Federal Trade Commissioner Patricia Bailey thought there was some mistake when she received an invitation a few days ago to a White House briefing for top women appointees in the Reagan administration.
It turned out that there was a mistake.
Bailey, a Republican whom Jimmy Carter appointed to the FTC in 1979 for an eight-year term, was disinvited a few days later, when a White House aide called to say she should not have received an invitation.
Yesterday, however, the White House said Bailey had not been "disinvited," but that space had been limited to 225 Reagan appointees. "I didn't disinvite her, I'll have to see what happened," said Wendy Borcherdt, special assistant to the president for public liaison. "It's probably because she is a Carter appointee. I'm sure it's a computer error."
The briefing, scheduled for this afternoon, was planned to brief leading women in the Reagan administration on the New Federalism, the budget and the economy, among other matters of current interest. They were advised that after remarks by President Reagan and Vice President Bush, there would be "full" White House press coverage "so wear your finest."
"I very much appreciated being invited and I'm sorry I won't be able to go," Bailey said yesterday.
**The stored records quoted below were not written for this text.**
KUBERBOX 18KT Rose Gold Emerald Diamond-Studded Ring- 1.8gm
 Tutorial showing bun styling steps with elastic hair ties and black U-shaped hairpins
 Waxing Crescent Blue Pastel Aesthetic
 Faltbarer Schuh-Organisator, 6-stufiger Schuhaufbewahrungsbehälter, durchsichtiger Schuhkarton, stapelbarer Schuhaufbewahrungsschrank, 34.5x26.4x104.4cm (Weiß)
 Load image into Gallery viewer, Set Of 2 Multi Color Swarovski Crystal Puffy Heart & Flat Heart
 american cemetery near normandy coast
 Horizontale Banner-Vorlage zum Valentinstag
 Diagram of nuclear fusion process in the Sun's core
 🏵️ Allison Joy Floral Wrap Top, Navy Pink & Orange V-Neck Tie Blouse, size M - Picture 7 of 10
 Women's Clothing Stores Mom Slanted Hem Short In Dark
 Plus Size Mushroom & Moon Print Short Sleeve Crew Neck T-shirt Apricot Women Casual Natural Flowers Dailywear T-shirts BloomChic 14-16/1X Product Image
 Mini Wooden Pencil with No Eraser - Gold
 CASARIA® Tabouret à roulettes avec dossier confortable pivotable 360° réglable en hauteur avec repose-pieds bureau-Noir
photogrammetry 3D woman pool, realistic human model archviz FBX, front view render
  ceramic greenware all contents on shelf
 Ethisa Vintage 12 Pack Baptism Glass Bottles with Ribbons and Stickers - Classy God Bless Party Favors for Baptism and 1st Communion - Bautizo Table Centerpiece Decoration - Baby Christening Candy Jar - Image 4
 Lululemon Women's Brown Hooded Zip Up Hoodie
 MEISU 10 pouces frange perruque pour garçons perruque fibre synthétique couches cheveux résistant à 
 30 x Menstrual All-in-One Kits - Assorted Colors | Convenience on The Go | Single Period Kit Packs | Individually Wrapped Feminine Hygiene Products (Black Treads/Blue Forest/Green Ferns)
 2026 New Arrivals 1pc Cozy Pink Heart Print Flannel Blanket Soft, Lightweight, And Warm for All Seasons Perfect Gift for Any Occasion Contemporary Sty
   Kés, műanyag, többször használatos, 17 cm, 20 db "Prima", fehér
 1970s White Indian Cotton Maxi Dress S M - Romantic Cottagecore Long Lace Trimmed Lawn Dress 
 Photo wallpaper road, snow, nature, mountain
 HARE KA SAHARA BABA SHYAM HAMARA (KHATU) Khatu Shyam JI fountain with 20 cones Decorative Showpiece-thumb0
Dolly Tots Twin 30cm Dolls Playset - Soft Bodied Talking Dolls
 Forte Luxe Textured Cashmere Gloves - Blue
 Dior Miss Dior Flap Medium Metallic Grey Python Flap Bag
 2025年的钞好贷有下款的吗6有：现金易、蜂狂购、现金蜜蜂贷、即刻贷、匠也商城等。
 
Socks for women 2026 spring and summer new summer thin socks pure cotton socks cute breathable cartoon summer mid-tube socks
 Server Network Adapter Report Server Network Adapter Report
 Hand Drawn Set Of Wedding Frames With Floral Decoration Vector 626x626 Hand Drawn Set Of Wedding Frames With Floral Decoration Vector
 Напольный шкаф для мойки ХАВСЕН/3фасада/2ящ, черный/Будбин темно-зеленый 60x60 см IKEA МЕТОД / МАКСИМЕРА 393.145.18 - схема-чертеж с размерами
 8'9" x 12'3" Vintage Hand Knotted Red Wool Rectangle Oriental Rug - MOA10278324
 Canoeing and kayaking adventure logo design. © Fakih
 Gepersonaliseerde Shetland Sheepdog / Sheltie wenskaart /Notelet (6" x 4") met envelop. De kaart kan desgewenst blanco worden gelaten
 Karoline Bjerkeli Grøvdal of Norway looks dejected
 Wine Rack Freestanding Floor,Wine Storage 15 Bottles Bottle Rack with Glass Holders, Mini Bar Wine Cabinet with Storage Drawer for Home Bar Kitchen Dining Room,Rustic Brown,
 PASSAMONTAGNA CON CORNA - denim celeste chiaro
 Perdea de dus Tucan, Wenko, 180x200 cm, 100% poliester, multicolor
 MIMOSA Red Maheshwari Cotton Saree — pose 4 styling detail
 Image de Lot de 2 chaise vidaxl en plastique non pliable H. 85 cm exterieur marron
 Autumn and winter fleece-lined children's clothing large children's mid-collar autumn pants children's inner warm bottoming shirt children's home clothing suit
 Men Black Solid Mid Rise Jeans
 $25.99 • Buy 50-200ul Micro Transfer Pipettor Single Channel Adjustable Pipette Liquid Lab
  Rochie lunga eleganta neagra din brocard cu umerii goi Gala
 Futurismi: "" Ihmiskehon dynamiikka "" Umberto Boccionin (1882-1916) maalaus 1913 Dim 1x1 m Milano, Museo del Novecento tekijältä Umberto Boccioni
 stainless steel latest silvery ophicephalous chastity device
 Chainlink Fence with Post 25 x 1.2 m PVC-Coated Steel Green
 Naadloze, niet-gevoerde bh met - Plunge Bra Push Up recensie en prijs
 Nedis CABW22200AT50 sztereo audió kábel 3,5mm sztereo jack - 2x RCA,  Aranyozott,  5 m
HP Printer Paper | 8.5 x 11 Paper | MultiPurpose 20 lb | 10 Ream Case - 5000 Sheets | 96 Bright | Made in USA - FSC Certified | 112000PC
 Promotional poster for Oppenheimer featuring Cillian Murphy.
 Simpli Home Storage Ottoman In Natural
Bailey, who had made a speech critical of a Reagan budget plan to eliminate the antitrust authority of the FTC, had another brush with fame a year ago. Her name came up at a Reagan press conference when reporter Sarah McClendon of McClendon News Service asked the president why he hadn't appointed Bailey FTC chairman even though she had the backing of Senate Majority Leader Howard Baker and others on the Hill.
"Did you mean to give a signal to other Republicans that if they don't conform, that off will go their heads?" McClendon asked.
Replied the president: "How can you say that about a sweet fellow like me? No, Sarah, no. Miss Bailey was one of the names under consideration . . ."
Borcherdt said today's briefing by top White House officials was both a thank-you and an update to help the appointees when they speak around the country over the next several months.
The White House said that as of Jan. 31, there were 283 women named to senior executive level positions (GS 15-18) who are in substantive policy or administrative roles. The White House has been sensitive to criticism from such groups as the National Women's Political Caucus about the lack of women in top policy positions in this administration.